Tomkins says he enjoys going forward, and while it’s completely different, it is also fantastic just to be back on the water.

But Tomkins has not drifted too far from the sport of rowing. He serves on the Australian Olympic Committee and is also a member of the International Olympic Committee Athlete Commission. Recently, he has started advising the rowing programme at his daughters’ school.

“I got involved to calm the whole thing down and make it fun again. I really, really enjoy being involved. And just to encourage that it can be fun and you can still go fast,” Tomkins says.

And he still does get into a rowing boat every ‘now and again’. Last year he competed at the Head of the Charles Regatta in Boston, USA.
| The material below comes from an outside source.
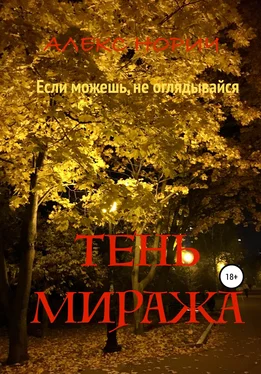 Алекс Норич Tень миража обложка книги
“The great thing about going to Boston was to see all the people that used to race, race against, but also just people that were racing around that same time.”
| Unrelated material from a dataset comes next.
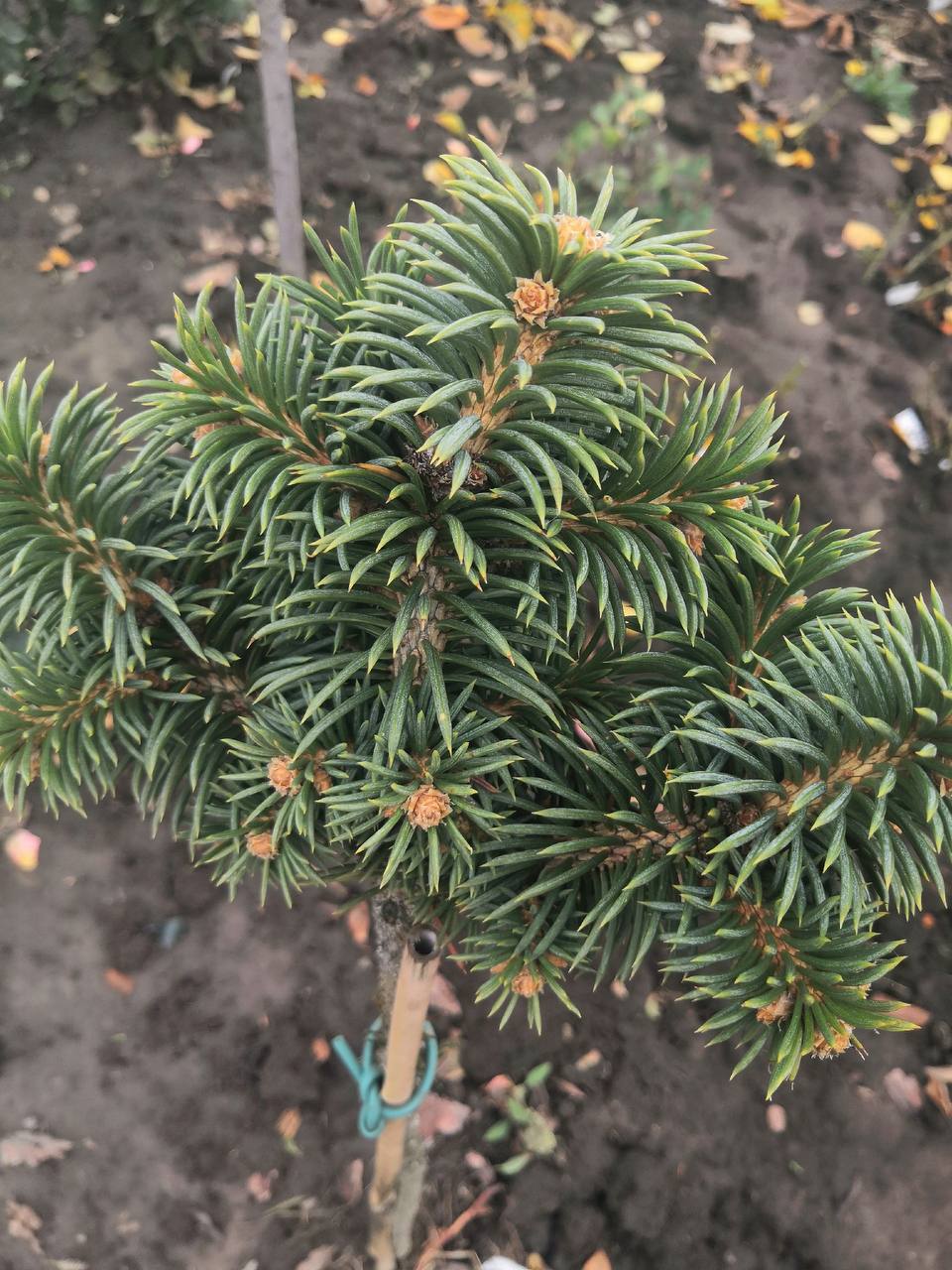 Picea pungens 'Skylar'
Looking back on his career, Tomkins has a myriad of good memories. He says the reason he kept rowing for so long was a combination of fun, rowing with his best mates, travel and having balance with work.

“When I look back I think wow, what a fantastic time. One, you’re rowing with some of your best mates. Two, you are representing your county and three, you get to travel around the world. It’s all of that that I look back on.”

“That’s what everyone talks about is that balanced life, which then helps with transition. I had already started my career while competing, which made the transition really easy and that’s the reason I competed as long as I did,” Tomkins explains.

But he also recognises that the key component is an understanding coach. While athletes know the importance of balance, coaches are often paid for results, Tomkins explains. “There is a bit of tension between the two. You need an understanding coach,” he says.

Looking to the future, Tomkins does not plan to make many changes, but he does have a bit of advice for the younger generation.

“My advice would be to make sure you’re having fun in whatever you’re doing, at whatever level. If it’s not fun, you’re not going to do it well. Secondly, try and have some balance in life. And third, surround yourself with really good people. And make the most of it, because you’re a long time retired.”